Building new dictionaries from the latest Wiktionary data

In this section, I'll describe how you can run the extraction process yourself rather than using the existing dictionary files.

WikiPronunciationDict is a Node.js package. Make sure you have a recent version of Node.js installed (I'm using version 15.7.0), then follow these steps:

  1. Clone the Git repository.
  2. From the wiki-pronunciation-dict directory, run npm install or -- if you're using Yarn -- yarn to install all library dependencies.
  3. Run npm run build or yarn build.

Running the build script will perform the following steps:

  1. For every supported edition of Wiktionary:
    1. The latest official dump file is downloaded to the /downloads directory. This step is skipped if the file already exists.
    2. The raw pronunciations are extracted from the dump file and saved in an edition-specific file in the /cache directory. This step is skipped if such a file already exists.
  2. Raw pronunciation information is collected from all editions and processed as described below.
  3. The dictionary files are re-created.
  4. HTML log files are created with information about any non-fatal issues that occurred during the build.
  5. This README file is updated with the latest figures.

The first run of the build script may take some time, depending on the speed of your internet connection and your computer. Due to the two-step caching in the /downloads and /cache directories, subsequent builds will run much faster.

To re-download and extract the latest Wiktionary dumps, delete the appropriate files from both the /downloads and the /cache directory (or delete both directories). If you've made any changes to the extraction code and want to re-extract the existing dump files, delete the appropriate files from the /cache directory only (or delete the full /cache directory).
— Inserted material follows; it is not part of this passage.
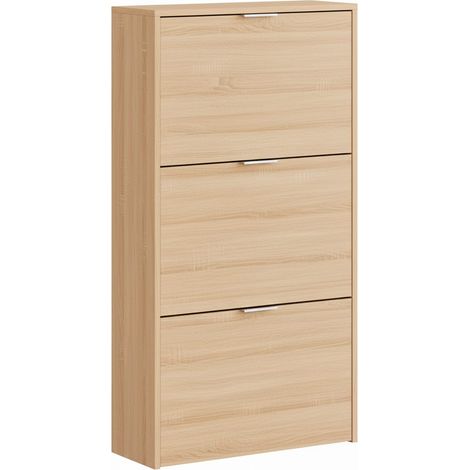 Scarpiera A Ribalta Salvaspazio 3 Ante E 6 Ripiani Mobile Portascarpe Antigraffio Fino A 20 Paia Di Scarpe Design Moderno Minimal Ingresso Corridoio Retro Porta 113 x 60 x 22 Cm Rovere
Note: I've done my best to reduce the memory consumption of the build script, but you may still run into an out-of-memory error. If that happens, just run the build script again. It will pick up the cache files created during the first run. Because loading cache files takes a lot less memory than parsing Wiktionary dumps to create them, the script should finish successfully on the second attempt.

Technical details

Pronunciation sources

There are many language-specific editions of Wiktionary: the English edition (en.wiktionary.org), where words are explained in English; the German edition (de.wiktionary.org), where explanations are in German; and so on. What's important to know is that each of these editions covers not only a single language, but potentially all languages. For instance, the German word Rhabarber (rhubarb) is covered not only in the German edition of Wiktionary, but also in the English edition, in the French edition, and in several others.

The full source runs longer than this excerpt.